● **Recorded information**
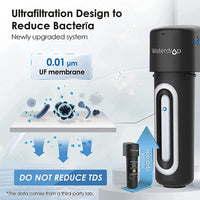 1 x RAW Customer Returns Waterdrop 10UB-UF 0.01 m Ultra Filtration Under Sink Water Filter System, Reduces Lead, Chlorine, Bad Taste and Odor, 30,000 Liters - RRP €89.99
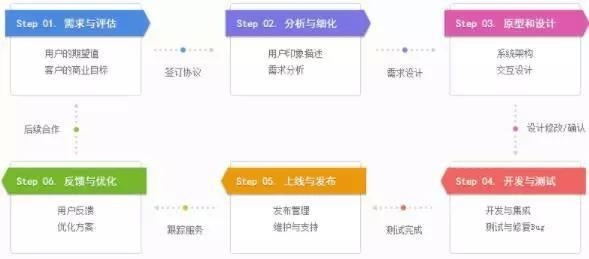 扁平化技术开发是什么意思?扁平化技术开发流程详解 第1张 扁平化技术开发是什么意思?扁平化技术开发流程详解 第1张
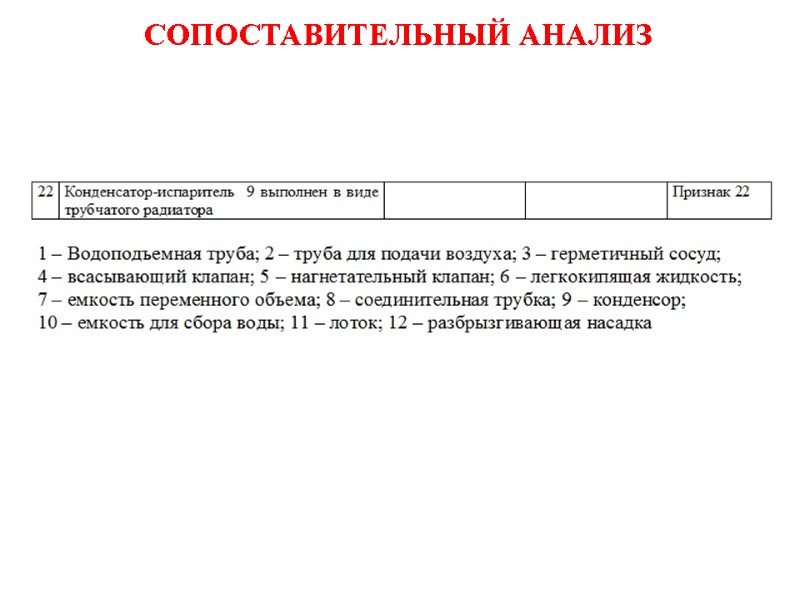 СОПОСТАВИТЕЛЬНЫЙ АНАЛИЗ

● **Aim of the task**
The job is to set down the whole listing exactly, excluding any images.

● **Answer to the problem**
 1 x RAW Customer Returns Waterdrop 10UB-UF 0.01 m Ultra Filtration Under Sink Water Filter System, Reduces Lead, Chlorine, Bad Taste and Odor, 30,000 Liters - RRP €89.99
 扁平化技术开发是什么意思?扁平化技术开发流程详解 第1张 扁平化技术开发是什么意思?扁平化技术开发流程详解 第1张
 СОПОСТАВИТЕЛЬНЫЙ АНАЛИЗ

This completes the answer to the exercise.